Technical Journal — Egis (Admin, Positions, BI, Time Invariants)

What I have done

  • Continued shaping Egis Admin BI and operations with a strict backend-first, evidence-first approach.
  • Extended Admin Dashboard metrics:
    • Updated Total Fee to correctly include funding fees.
    • Added Total Volume as a pure execution-derived metric.
    • Defined navigation from Total Fee → a new Admin > Fees page.
  • Designed the Admin > Fees page with:
    • A clear summary section (total, trading fees, funding fees).
    • A paginated, backend-driven table listing all fee records.
  • Refactored Admin > Positions for clarity and correctness:
    • Merged opened_at and closed_at into a single Duration column.
    • Duration is human-readable, backend-generated, and excludes seconds.

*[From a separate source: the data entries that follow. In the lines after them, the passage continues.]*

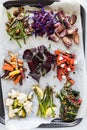 Various roasted and steamed vegetables with assorted toppings.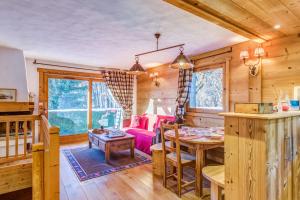 a dining room and living room in a log cabin at Charming flat in a chalet in Megève - Welkeys in Megève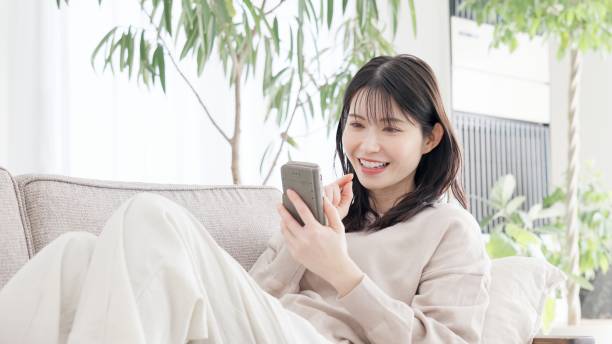 istock A woman relaxing on a sofa and looking at her smartphone 2157225652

    • Open positions display - instead of live timers.
    • Added hover tooltips to reveal exact opened / closed datetimes when needed.
  • Investigated and fixed multiple timestamp consistency issues:
    • Detected impossible cases where closed_at < opened_at.

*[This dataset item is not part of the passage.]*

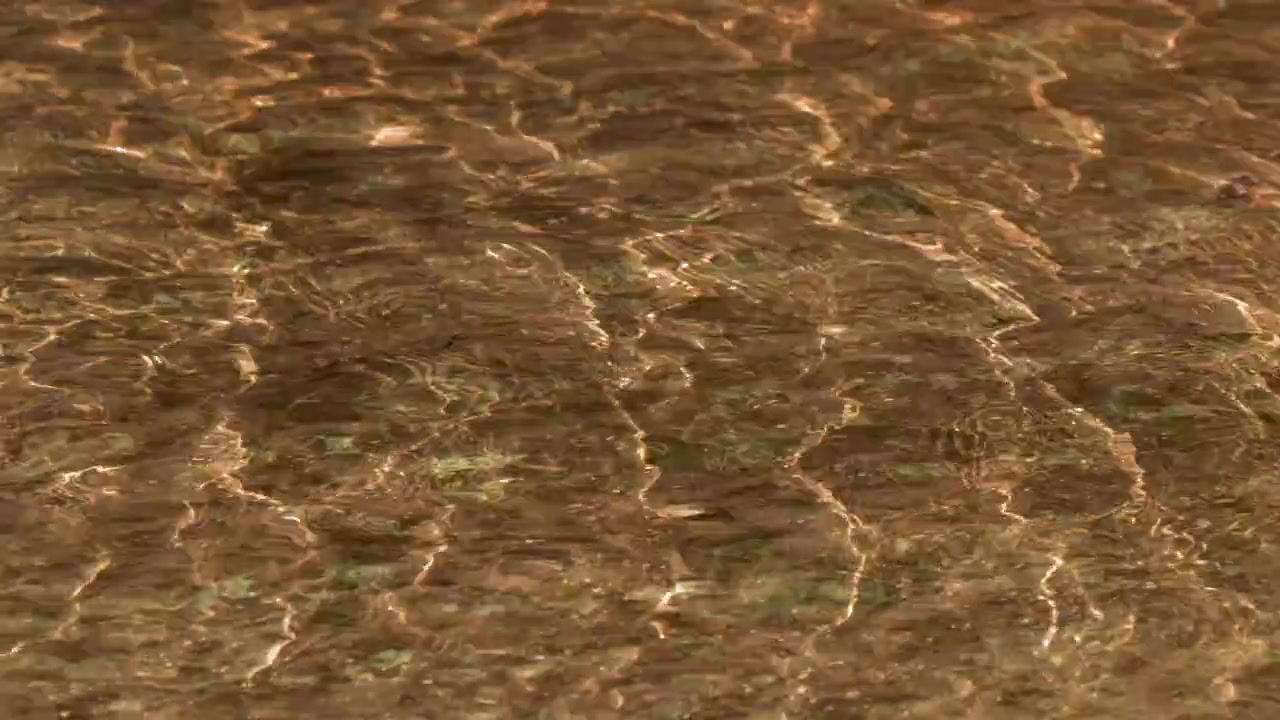 Close-up of rippling water flowing over a sandy riverbed in the Blue Mountains, Australia.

    • Fixed the root cause instead of masking it at the UI layer.
    • Discovered a follow-up issue where some CLOSED positions lost closed_at.

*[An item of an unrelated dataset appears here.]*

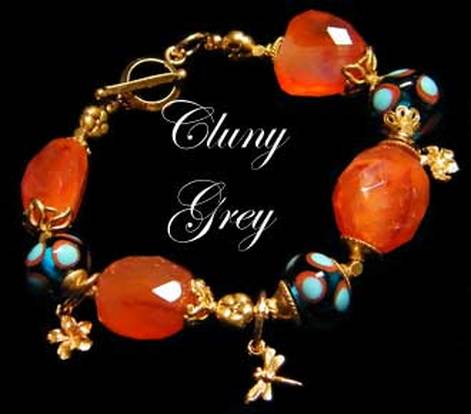 Carnelian bracelet with lamp worked beads, flower and dragonfly charms and gold.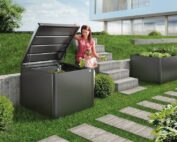 Ein dunkelgrauer Kompost in einem Garten vor einer modernen Villa mit Ganzglasfenster. Eine Frau hält den Deckel des Komposters offen und ein kleines Mädchen wirft Salatblätter in den Komposter hinein.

    • Enforced the invariant: status = CLOSED requires a valid closed_at or an explicit reason.
  • Identified a new anomaly:
    • Positions with IDs 41–55 showing opened_at == closed_at.
    • Initiated a structured investigation to trace this back to execution data, repair logic, or timestamp normalization.
  • Defined multiple hard invariants and investigative playbooks for Cursor:
    • Positions lifecycle must be derived from executions, not assumptions.
    • No silent timestamp “fixing”.
    • All BI and display values must be explainable under stress.

What I have learned

  • Time is one of the most fragile domains in trading systems:
    • A single guard clause meant to “fix” bad data can quietly corrupt historical truth.
    • Every timestamp must have a clear origin: execution time, not import time or UI time.
  • UI simplification increases backend responsibility:
    • Replacing raw timestamps with Duration made data inconsistencies more visible, not less.
    • This is good: it forces correctness instead of hiding problems.
  • Status-based assumptions are dangerous:
    • status = CLOSED does not automatically mean all lifecycle fields are valid.
    • Status transitions must be atomic with their timestamps.
  • Backend-first formatting is not just aesthetics:
    • Centralizing datetime, currency, and duration formatting eliminates entire classes of bugs.
    • It also makes cross-page consistency enforceable, not aspirational.
  • BI features should reinforce invariants, not create overlap:
    • Separating execution quality, fees, volume, and PnL keeps each metric auditable.
    • Removing seconds from duration is a UX choice that also reduces false precision.
  • Every fix must create a recovery path:
    • Nulling bad data without recomputation logic only defers the bug.
    • Repair commands and evidence logs are essential for long-lived systems.